High-income individuals are shut out from contributing directly to a Roth IRA. But even if your income is more than the maximum allowed, there is a way to gain entry to this popular retirement savings vehicle by employing a strategy called a “backdoor” Roth.

What is a Roth IRA?

A Roth IRA is similar to a traditional individual retirement account, but you fund it with money that’s already been taxed — meaning there’s no upfront tax break. In 2019, you can save up to $6,000 each year, or $7,000 if you are 50 or older, in an IRA account.

For a Roth IRA, the key feature is that there’s no tax on funds when you withdraw them in retirement. What’s more, Roth IRAs are not subject to required minimum distributions after the holder turns 70-and-a-half.

The hitch: To qualify for a full Roth contribution, you cannot make more than $193,000 if married and filing jointly (those with incomes of up to $203,000 can make a reduced contribution) or $122,000 if single (those making up to $137,000 can make a partial contribution).

This limit puts high-earners on the backburner when it comes to reaping the tax advantages of these retirement accounts.

How do backdoor Roths work?

While income caps keep some individuals from contributing to a Roth, there are zero income restrictions on converting from a traditional IRA to a Roth IRA. That means high-income investors can make regular IRA contributions and then convert them to a Roth.

Converting to a Roth isn’t without penalty: You must pay taxes on any funds in other traditional IRA accounts you have that aren’t converted, according to the Internal Revenue Service (IRS)’s pro rata rule. You must figure the ratio of IRA funds that have never been taxed (in other words, deductible IRA contributions and earnings) to the total assets in all of your IRAs.

For example, let’s say you have $94,500 in traditional IRA assets and make a non-deductible IRA contribution of $5,500 this year with the intention of converting it to a Roth IRA. In this case, 94.5 percent of your total of $100,000 in IRA assets has not yet been taxed. That means that 94.5 percent of your $5,500 contribution, or $5,197.50, would be taxable upon conversion. If you opted to convert your entire $100,000, you’d owe taxes on $94,500.
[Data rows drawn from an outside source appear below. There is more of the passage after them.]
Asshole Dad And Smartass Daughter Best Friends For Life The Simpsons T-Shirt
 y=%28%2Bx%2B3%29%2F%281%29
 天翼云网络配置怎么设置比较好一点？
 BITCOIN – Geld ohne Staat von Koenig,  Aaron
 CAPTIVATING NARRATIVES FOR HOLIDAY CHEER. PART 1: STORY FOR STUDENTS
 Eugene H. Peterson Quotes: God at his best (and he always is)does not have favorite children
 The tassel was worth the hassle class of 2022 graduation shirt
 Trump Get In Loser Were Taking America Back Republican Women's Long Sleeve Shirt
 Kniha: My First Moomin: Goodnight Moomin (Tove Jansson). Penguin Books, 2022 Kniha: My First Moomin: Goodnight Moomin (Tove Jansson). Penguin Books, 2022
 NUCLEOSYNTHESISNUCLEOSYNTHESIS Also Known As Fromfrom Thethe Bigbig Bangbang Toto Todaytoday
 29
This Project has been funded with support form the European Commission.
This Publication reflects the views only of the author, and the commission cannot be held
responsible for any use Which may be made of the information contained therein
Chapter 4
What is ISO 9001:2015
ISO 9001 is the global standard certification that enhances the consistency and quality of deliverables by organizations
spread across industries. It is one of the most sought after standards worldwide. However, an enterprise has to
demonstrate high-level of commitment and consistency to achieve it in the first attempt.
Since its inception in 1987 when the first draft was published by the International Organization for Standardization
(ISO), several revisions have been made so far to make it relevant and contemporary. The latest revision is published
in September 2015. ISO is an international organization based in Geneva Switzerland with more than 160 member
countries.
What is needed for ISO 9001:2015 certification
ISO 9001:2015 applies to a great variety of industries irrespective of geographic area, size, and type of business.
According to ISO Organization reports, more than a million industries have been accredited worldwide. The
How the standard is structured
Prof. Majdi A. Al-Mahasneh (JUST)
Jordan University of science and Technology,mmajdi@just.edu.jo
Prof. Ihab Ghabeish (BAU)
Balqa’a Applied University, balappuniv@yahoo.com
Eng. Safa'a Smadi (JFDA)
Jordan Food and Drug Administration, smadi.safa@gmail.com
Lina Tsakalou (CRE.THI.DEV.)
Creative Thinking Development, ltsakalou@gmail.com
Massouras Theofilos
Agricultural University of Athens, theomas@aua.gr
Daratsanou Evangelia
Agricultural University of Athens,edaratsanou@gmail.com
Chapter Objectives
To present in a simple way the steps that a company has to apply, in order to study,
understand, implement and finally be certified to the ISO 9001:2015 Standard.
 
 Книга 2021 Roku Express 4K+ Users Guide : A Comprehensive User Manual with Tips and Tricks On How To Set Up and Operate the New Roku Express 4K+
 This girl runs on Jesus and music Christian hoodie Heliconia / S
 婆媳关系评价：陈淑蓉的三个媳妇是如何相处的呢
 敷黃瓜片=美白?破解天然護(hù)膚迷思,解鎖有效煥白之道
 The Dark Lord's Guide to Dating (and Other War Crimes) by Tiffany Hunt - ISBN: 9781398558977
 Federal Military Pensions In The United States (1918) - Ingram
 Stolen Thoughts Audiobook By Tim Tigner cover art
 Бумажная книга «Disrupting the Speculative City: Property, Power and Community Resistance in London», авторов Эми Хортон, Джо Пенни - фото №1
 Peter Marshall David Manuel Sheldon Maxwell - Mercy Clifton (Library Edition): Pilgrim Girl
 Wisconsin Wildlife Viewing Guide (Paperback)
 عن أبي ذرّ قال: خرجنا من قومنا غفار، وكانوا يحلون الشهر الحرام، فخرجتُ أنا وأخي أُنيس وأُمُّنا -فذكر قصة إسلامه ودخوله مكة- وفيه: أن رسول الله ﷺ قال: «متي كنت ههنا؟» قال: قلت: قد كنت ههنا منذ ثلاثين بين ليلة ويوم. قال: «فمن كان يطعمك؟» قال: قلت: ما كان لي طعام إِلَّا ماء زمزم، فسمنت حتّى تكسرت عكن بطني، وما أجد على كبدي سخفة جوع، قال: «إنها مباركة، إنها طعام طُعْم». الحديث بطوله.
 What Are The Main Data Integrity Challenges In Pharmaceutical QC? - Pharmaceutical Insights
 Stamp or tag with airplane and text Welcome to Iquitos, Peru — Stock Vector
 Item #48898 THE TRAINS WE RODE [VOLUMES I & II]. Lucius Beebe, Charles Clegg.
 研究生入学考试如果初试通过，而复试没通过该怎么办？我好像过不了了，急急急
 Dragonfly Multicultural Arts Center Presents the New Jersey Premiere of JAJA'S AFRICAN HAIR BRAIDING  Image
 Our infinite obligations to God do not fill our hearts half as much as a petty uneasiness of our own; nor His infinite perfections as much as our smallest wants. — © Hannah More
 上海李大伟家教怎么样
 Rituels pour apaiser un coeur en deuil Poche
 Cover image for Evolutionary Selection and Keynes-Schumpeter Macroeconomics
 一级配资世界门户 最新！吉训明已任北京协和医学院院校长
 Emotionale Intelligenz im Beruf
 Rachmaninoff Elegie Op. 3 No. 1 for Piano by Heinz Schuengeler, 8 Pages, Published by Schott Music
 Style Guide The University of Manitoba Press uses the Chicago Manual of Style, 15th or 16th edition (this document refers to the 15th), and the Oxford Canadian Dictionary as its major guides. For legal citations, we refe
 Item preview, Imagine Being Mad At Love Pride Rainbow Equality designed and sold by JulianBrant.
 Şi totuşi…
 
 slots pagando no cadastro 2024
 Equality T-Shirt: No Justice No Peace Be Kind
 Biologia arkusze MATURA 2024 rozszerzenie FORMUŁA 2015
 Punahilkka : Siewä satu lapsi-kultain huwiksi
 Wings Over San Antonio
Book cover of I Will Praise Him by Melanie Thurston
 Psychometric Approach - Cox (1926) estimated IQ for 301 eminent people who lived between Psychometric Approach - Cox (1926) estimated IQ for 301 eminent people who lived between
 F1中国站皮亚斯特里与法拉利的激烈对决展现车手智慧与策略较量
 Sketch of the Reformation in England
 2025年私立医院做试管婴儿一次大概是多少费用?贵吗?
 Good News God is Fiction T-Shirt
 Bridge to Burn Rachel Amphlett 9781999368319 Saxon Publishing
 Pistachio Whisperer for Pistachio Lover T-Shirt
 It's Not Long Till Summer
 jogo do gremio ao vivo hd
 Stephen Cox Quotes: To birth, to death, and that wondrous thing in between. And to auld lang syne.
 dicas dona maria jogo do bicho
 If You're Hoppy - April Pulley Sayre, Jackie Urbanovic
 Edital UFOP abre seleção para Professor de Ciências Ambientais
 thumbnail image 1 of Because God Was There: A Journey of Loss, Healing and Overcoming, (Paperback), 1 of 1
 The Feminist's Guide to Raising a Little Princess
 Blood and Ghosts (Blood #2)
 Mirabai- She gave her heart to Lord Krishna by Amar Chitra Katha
Avoiding the pro rata rule

There is a way to work around the pro rata rule too — with a reverse rollover.

If your employer’s 401(k) plan allows you to roll IRA money into it, you can move your deductible IRA contributions and pre-tax earnings into the 401(k). This is a good move if your employer’s plan offers solid, low-cost investment options.

Then you can convert any remaining, non-deductible contributions you have made to your traditional IRA into a Roth IRA. In this case, you’d owe no taxes on the conversion and would secure a tax-free stream of income in retirement when you begin making withdrawals.

Andrew Westlin, CFP, a financial planner at Betterment, says this can be a great strategy — but it’s only effective if the plan’s sponsor allows rollovers and if the individual has been keeping tabs on their investments.

“You, as the investor, need to know how much non-deductible basis you have in your IRAs so we can accurately determine how much can be converted and how much needs to be rolled in,” Westlin says.

If you don’t, you could get hit with a major tax bill.

Why do a backdoor Roth IRA conversion?

The main reason why retirement accounts like traditional IRAs and Roth IRAs are appealing is because they provide tax benefits for individuals who use them. However, those tax benefits are only available to individuals below the income thresholds.

Those above the income thresholds are not permitted to make a tax-deductible traditional IRA contribution, meaning they won’t have the opportunity to lower their taxable income through retirement savings each year. Additionally, they can’t take advantage of Roth IRAs, meaning they aren’t able to have their retirement earnings grow tax-free.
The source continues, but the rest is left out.